(Caption-style text data)
########################################
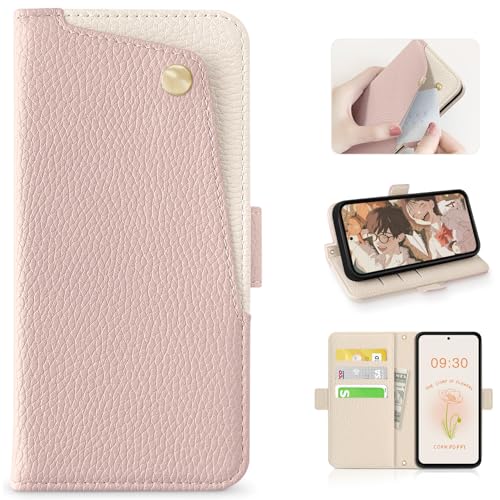 CASSYOOK for galaxy a36 5g P[X 蒠^ galaxy a56/SC-54F P[X z^ J[h|Pbgt MNV[ a36 5g P[X Sʕی J[h[ uX^h@\ PUU[  ㎿ȎG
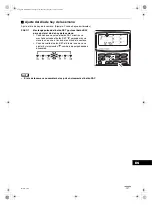 Preview for 127 page of Toshiba TCB-EXS21TLE Instruction Manual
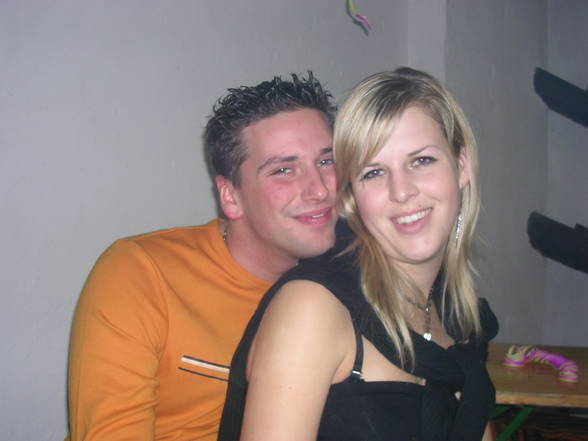 Silvester 2005 - 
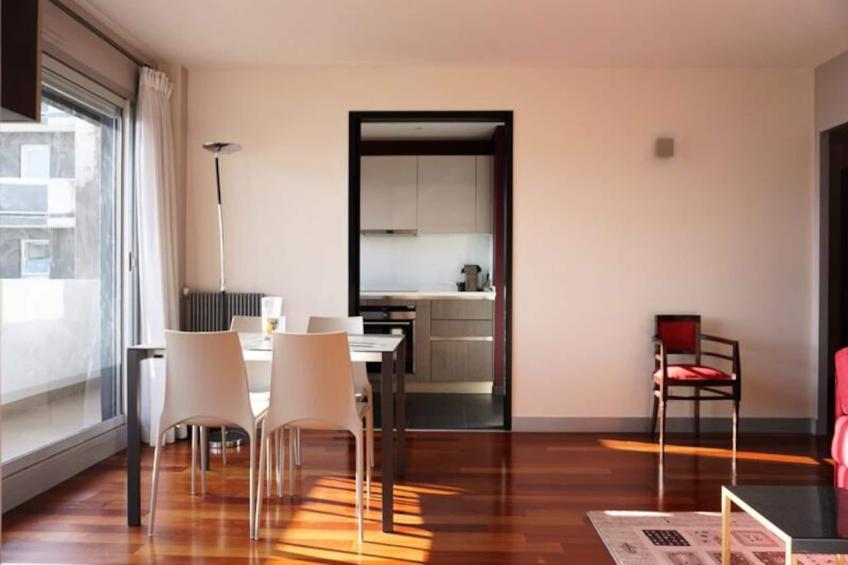 Appartements à Paris - foto 4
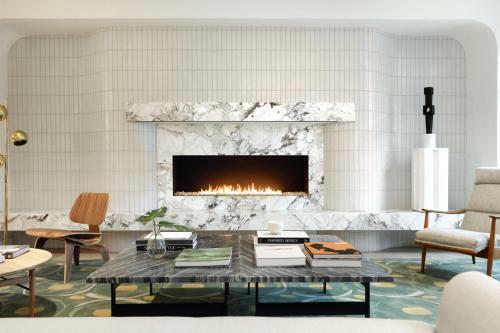 Kimpton - Sylvan Hotel, An Ihg Hotel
########################################
Would you retype all the lines shown above, exactly as written and without any picture?

 CASSYOOK for galaxy a36 5g P[X 蒠^ galaxy a56/SC-54F P[X z^ J[h|Pbgt MNV[ a36 5g P[X Sʕی J[h[ uX^h@\ PUU[  ㎿ȎG
 Preview for 127 page of Toshiba TCB-EXS21TLE Instruction Manual
 Silvester 2005 - 
 Appartements à Paris - foto 4
 Kimpton - Sylvan Hotel, An Ihg Hotel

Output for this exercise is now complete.